Depressa chegou a tela perfeita para 'El Gaúcho' pintar as suas obras. Uma cidade, mal habituada pelas pinceladas artísticas de Gaudi, Miró, Dali e Cruyff, tinha agora em R10 um feiticeiro que fazia desaparecer a bola como se fosse o Taj Mahal nas mãos do Luís de Matos. Onde todos viam uma muralha da China instransponível, Ronaldinho via uma oportunidade para um livre directo. Onde todos viam um bocado de relva deserta, 'El Gaúcho' via o lateral a rasgar desde trás, pronto a receber uma assistência. Quando todos os jogadores blaugrana recebiam apupos, Ronaldinho respondia-lhes com um sorriso. Não sabia estar de outra maneira. A vida, que tanto fizera para o amargurar, armou-o daquela dentuça enternecedora que desarma qualquer mal-intencionado.

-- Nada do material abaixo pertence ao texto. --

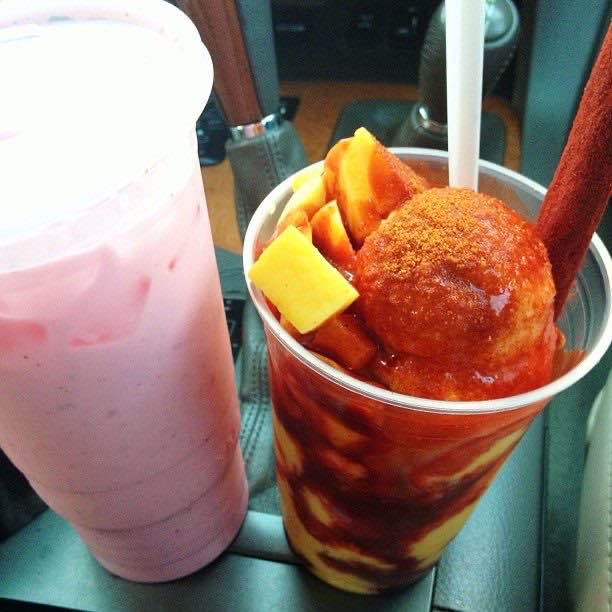 A mangonada and fresca at Tocumbo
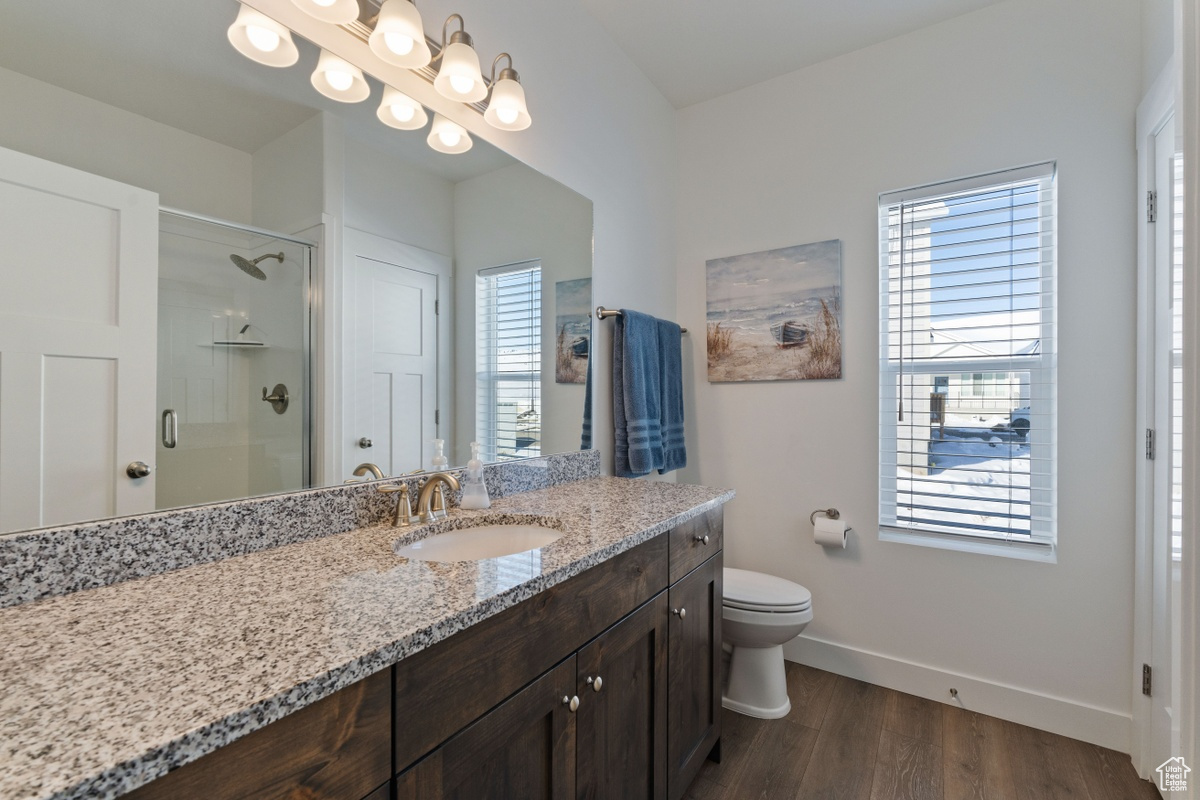 LIGHTHOUSE POINTE - Residential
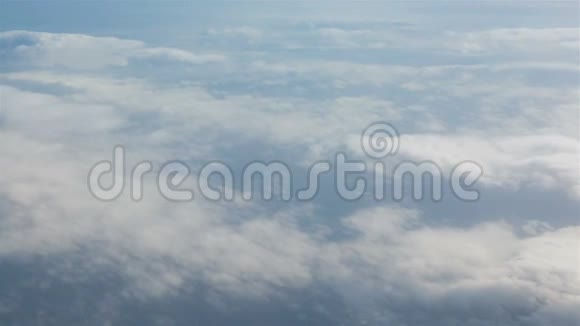 飞越大西洋空中的天空和云彩视频的预览图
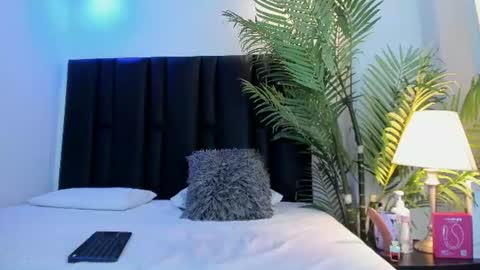 valeri_tafur online show from August 1, 1:17 pm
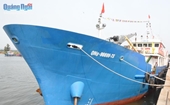 Bàn giao tàu dịch vụ hậu cần nghề cá hiện đại nhất Việt Nam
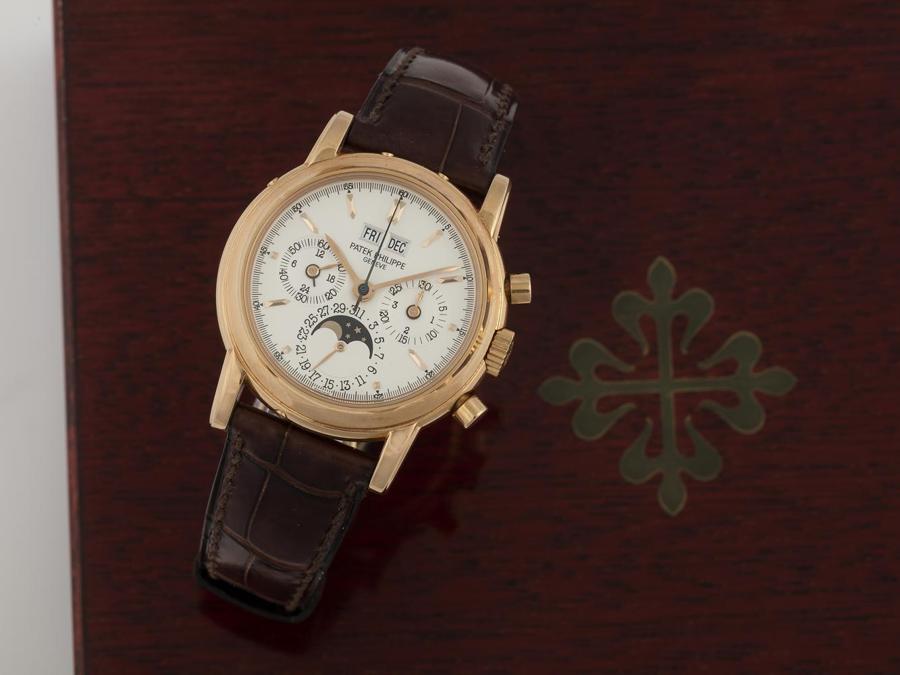 Cambi Casa d'aste, un orologio Patek Philippe “referenziale 3970E del 1990”, caratterizzato da cronografo con calendario perpetuo e fasi lunari, aggiudicato a 65mila euro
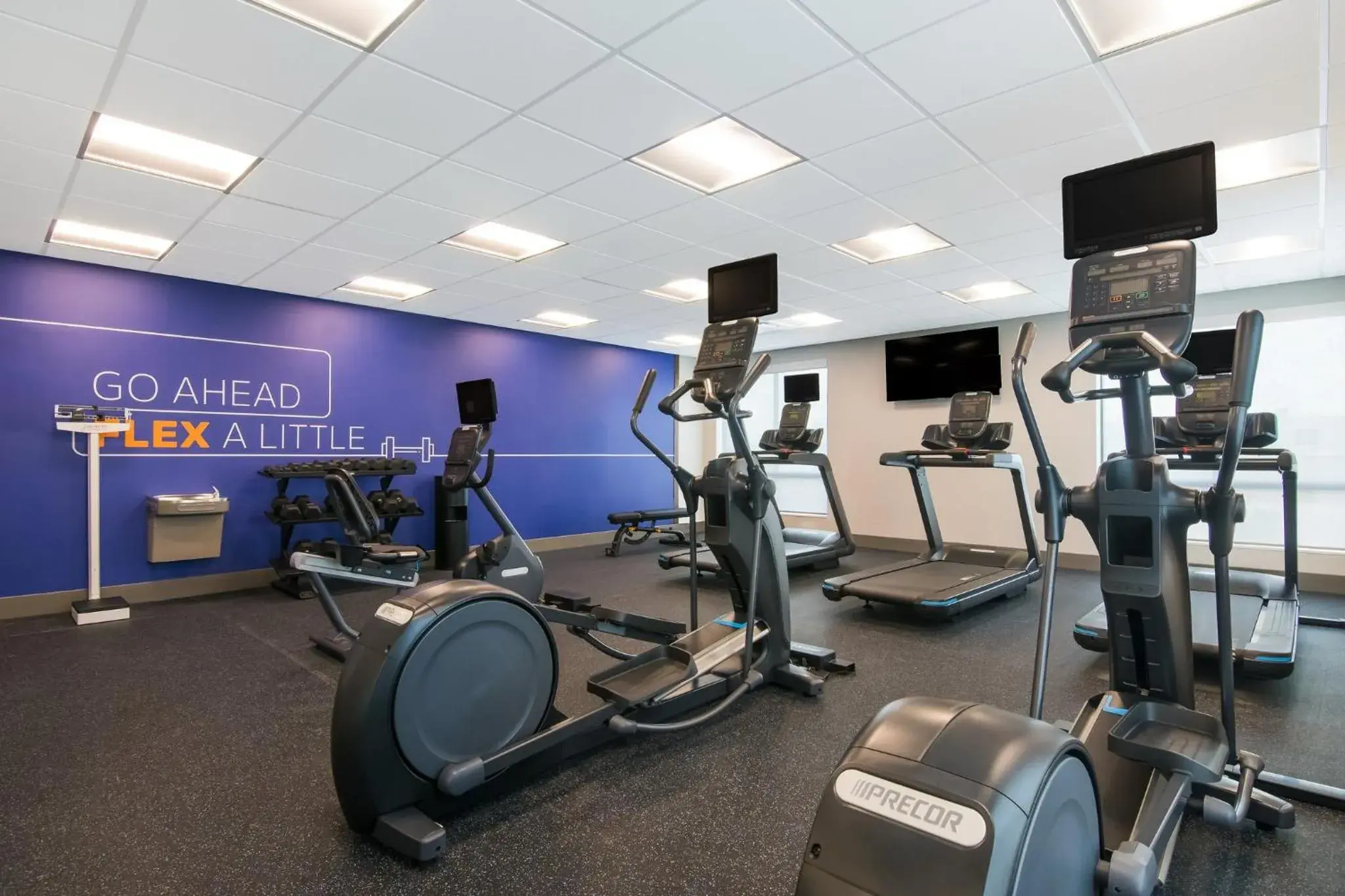 Fitness centre/facilities in Holiday Inn Express & Suites - Springdale - Fayetteville Area Fitness centre/facilities in Holiday Inn Express & Suites - Springdale - Fayetteville Area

Mas qualquer mago se cansa de um público ingrato. 'Dom' Ronaldinho entregou-se então a todos os luxos que não teve na infância. O desfile da moda milanesa, os elixires alcoólicos que libertam demónios nos homens e divindades nas mulheres. Ronaldinho achou que estava na hora de relaxar. Afinal de contas, havia nascido mago, não santo. Os sorrisos foram-se apagando (até fez uma operação para corrigir os dentes da frente!), o futebol tornou-se um negócio de malas cheias de dinheiro, e as aparições do mago tornaram-se menos frequentes. Quando aparecia, transformava o Mineirão num descampado do Bento Ribeiro, onde os túneis que sacas e os truques que provas, são mais importantes que o resultado final. 

O último truque, aquele que todos os mágicos guardam debaixo da manga, foi agora revelado. A mudança para o futebol mexicano é tão inesperada como a mente do melhor guionista da Globo, e vem recolocar o futebol azteca no mapa. À chegada chamaram-lhe macaco. Desconfio que Ronaldinho vai engolir a banana com o sorriso descontraído de sempre.